Clear interrupts during analogRead?

While analogRead is waiting for the ADC conversion to complete, what happens if there is an interrupt? I know ISRs preserve registers, but I would think the timing would be messed up and the value would be garbled if the conversion is interrupted? Even worse would be if the ISR tried to start it's on analogRead (which I know is a bad practice given how long analog reads take).

Am I just missing it, or why doesn't analogRead disable global interrupts while it is waiting for the ADSC bit to clear? (I know there's an alternate method where it doesn't have to block, instead specifically asking for an interrupt to be called when ADIF is set, but I don't understand what happens in that case either if a timer goes off, etc.)
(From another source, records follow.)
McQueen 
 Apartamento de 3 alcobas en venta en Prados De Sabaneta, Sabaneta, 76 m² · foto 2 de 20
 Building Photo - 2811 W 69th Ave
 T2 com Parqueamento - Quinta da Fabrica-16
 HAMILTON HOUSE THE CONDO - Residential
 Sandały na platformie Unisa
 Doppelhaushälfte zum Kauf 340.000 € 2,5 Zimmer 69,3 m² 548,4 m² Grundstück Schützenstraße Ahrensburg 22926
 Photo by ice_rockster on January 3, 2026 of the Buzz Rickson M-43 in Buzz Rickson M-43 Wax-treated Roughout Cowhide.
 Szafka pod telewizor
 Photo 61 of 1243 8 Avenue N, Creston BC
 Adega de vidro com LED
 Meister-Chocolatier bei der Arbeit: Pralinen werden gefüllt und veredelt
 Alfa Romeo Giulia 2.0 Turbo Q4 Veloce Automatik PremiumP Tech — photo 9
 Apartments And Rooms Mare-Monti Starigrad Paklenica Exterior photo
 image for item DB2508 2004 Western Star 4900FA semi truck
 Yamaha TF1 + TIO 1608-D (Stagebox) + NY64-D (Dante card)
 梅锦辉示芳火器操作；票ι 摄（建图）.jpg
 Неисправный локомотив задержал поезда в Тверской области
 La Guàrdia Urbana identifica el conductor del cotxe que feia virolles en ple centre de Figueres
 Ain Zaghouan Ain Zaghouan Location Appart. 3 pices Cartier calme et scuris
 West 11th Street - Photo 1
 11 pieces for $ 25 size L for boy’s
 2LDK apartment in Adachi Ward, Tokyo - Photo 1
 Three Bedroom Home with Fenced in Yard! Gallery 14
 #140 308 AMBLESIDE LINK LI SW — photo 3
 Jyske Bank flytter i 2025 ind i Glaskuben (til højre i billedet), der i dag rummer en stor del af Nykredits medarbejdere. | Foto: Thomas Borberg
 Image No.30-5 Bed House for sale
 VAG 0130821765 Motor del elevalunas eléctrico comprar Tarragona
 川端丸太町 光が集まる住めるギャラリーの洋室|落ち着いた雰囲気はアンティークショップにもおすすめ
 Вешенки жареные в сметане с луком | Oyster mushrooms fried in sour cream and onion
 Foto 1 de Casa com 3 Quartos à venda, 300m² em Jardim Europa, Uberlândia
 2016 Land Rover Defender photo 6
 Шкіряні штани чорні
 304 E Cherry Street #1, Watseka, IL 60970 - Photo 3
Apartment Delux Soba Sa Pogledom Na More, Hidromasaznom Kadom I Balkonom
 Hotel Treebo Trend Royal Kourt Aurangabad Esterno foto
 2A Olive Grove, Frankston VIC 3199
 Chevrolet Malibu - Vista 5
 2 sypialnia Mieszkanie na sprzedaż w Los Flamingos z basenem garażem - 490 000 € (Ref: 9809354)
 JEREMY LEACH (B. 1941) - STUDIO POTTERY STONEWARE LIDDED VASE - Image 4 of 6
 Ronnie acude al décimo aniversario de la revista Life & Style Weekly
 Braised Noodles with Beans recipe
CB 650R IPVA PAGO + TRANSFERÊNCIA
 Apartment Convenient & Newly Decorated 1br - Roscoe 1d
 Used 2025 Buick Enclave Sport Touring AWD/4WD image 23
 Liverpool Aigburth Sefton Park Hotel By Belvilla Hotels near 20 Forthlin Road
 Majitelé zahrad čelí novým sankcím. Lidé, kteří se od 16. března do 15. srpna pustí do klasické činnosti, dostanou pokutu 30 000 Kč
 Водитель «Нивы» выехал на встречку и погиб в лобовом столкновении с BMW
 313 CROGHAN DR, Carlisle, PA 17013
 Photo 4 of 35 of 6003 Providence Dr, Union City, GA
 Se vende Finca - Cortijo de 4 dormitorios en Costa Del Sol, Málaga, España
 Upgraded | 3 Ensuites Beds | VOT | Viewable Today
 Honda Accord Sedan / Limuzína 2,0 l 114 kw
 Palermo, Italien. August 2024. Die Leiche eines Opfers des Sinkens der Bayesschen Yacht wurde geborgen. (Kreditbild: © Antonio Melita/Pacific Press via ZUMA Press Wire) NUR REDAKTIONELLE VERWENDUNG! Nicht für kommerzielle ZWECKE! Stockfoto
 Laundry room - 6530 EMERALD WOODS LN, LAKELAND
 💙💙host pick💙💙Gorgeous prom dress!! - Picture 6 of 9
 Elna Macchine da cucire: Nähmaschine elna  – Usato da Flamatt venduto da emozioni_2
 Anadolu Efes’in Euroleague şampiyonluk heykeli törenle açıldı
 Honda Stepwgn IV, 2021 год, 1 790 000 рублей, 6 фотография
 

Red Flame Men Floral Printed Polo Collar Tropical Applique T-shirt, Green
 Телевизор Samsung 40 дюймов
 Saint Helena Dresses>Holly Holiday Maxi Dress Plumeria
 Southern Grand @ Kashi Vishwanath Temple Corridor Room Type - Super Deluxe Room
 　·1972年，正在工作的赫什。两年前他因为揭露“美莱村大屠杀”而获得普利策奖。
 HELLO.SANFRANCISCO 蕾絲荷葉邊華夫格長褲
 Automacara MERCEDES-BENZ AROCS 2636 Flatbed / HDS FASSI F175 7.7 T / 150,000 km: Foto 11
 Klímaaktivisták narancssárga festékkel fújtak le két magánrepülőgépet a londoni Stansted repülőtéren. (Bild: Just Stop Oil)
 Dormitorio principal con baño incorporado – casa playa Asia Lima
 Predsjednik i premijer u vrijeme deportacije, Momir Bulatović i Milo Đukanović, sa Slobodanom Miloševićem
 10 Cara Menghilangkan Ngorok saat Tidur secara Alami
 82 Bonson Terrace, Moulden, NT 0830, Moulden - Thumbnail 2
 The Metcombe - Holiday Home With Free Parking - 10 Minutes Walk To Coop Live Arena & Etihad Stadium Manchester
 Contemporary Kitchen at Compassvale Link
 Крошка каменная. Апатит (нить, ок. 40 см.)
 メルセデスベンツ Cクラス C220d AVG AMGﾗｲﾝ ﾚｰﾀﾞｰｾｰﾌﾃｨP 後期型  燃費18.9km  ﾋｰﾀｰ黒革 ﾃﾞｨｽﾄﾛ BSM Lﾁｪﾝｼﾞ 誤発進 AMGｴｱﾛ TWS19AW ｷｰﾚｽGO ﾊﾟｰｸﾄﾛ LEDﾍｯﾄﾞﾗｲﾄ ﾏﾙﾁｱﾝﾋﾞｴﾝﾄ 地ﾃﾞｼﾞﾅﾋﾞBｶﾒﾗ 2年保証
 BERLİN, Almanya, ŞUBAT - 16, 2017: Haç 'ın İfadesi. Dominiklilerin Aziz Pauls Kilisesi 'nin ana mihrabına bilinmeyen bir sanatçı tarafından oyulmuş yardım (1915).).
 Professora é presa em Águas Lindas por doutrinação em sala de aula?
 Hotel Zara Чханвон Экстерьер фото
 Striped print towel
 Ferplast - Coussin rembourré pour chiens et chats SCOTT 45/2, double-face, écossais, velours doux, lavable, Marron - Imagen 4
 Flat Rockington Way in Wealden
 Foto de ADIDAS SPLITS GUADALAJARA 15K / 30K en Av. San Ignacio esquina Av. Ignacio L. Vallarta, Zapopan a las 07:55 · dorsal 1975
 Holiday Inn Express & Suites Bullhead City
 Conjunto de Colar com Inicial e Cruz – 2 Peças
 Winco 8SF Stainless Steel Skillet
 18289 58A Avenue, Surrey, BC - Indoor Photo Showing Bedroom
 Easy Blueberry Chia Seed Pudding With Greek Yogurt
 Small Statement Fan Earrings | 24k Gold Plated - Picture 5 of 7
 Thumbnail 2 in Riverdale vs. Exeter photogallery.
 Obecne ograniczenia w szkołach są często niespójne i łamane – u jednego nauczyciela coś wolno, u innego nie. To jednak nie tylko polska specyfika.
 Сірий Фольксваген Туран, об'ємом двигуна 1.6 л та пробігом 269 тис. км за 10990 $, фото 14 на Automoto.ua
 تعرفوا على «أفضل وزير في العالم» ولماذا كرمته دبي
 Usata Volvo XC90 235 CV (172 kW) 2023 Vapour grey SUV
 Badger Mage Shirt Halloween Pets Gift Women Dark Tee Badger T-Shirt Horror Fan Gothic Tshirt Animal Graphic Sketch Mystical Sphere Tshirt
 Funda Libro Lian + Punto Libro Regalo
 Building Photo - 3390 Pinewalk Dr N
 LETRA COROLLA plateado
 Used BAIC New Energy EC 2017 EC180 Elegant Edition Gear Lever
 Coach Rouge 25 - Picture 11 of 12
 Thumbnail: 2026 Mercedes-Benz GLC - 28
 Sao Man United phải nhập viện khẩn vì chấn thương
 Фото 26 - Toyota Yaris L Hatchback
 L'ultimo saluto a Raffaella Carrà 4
i.e. Shouldn't the code below be preceded by sei(); and followed by SREG = oldSreg;? Or is there no need / reason to do this?

Thanks!
-Mark

// high 2 bits are AREF mode, next bit is ADLAR (0 for right justified), next reserved, bottom four are channel
ADMUX = (ADMUX & 0b11000000) | pin;

// start the conversion
bitSet(ADCSRA, ADSC);

// ADSC is cleared when the conversion finishes (if using free running / interrupt mode, check for ADIF to be set instead)
while (bit_is_set(ADCSRA, ADSC))
;

If there were an interrupt while waiting for conversion to finish, how would that garble the conversion? The ADC is hardware. The ADC happily runs along doing its thing while the interrupt gets serviced. If the interrupt takes too long and the conversion finishes while you're off servicing the interrupt, then the value on the ADC will just be there waiting on you when you get back.

The ADC unit is separate hardware from the processor - it simply runs to completion and sets a flag in the relevant register (and optionally generates an interrupt). What the processor does during this process is not going to interfere so long as it doesn't reset the state of the ADC hardware...

Well, actually the running processor does cause some noise on the power rails so there can be slight sub-LSB effects via signal crosstalk, but that's another level of interference... IIRC the datasheets suggests halting the processor while the ADC is running for the least noise on the ADC readings.

The Arduino libraries rightly treat interrupts as a higher prority than ADC readings since the latter take 110us or so, much longer than is acceptable for various interrupts to be delayed.

Makes a lot of sense. Thank you both! (I was mistakenly thinking the ADC was suspended during the ISR.)